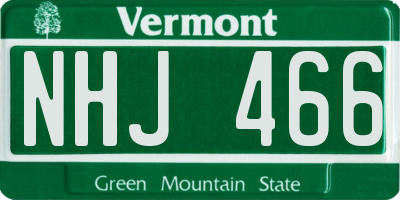 VT license plate NHJ466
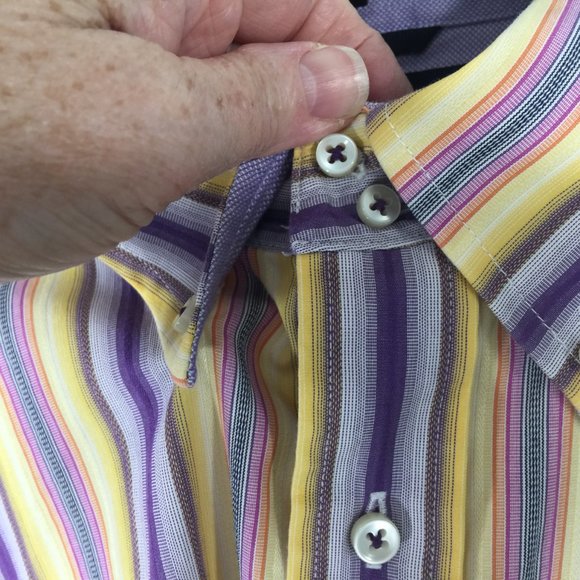 Tommy Hilfiger XL Button Down Shirt Yellow Striped - Picture 7 of 11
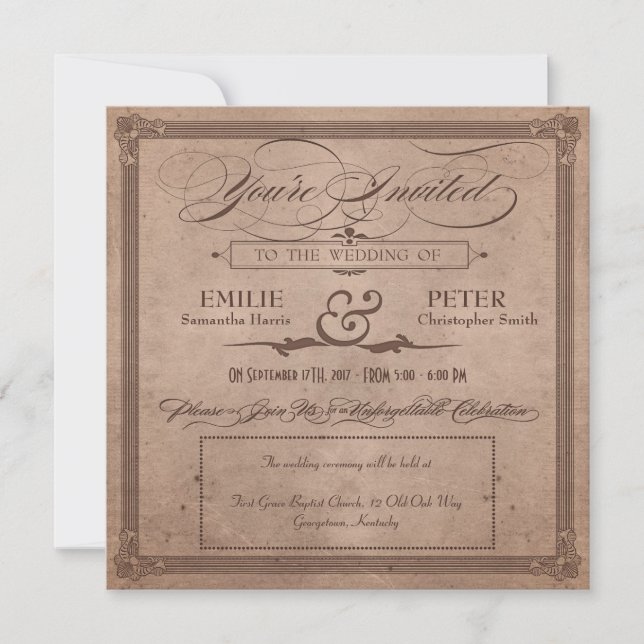 Convite Casamento e Recepção de Cacau Russo poster vintage (Frente)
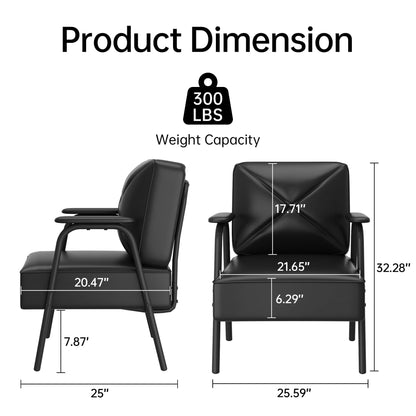 AWQM Mid-Century Modern Chairs (Set of 2) with Armrests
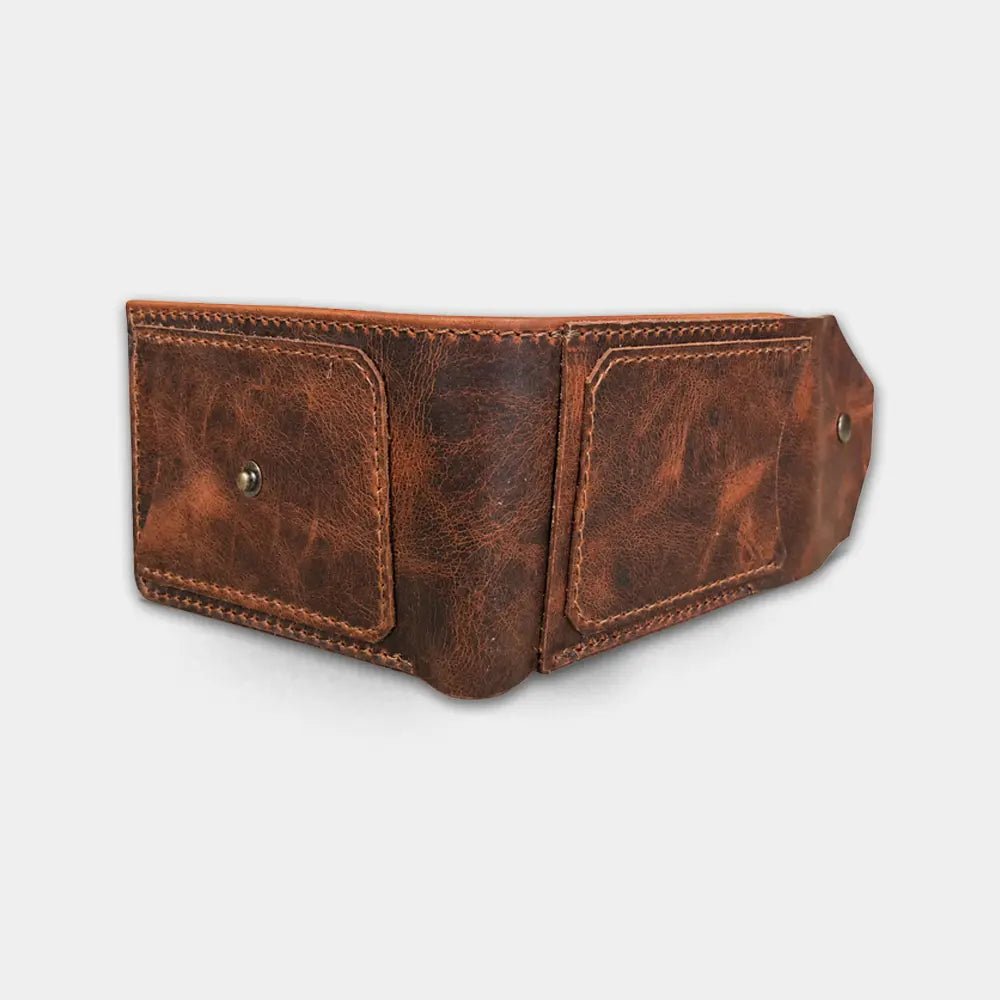 Aegon Pirinç Çıtçıtlı Deri Cüzdan - Minimalist Tasarım Serisi - El Yapımı Gerçek Deri | Retro Pelle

• • • • •

= Instructions for the task =
Print nothing except the lines from the one with "Tommy Hilfiger XL" through the last line of the listing, exactly as written and with pictures removed.

= Completed exercise =
 Tommy Hilfiger XL Button Down Shirt Yellow Striped - Picture 7 of 11
 Convite Casamento e Recepção de Cacau Russo poster vintage (Frente)
 AWQM Mid-Century Modern Chairs (Set of 2) with Armrests
 Aegon Pirinç Çıtçıtlı Deri Cüzdan - Minimalist Tasarım Serisi - El Yapımı Gerçek Deri | Retro Pelle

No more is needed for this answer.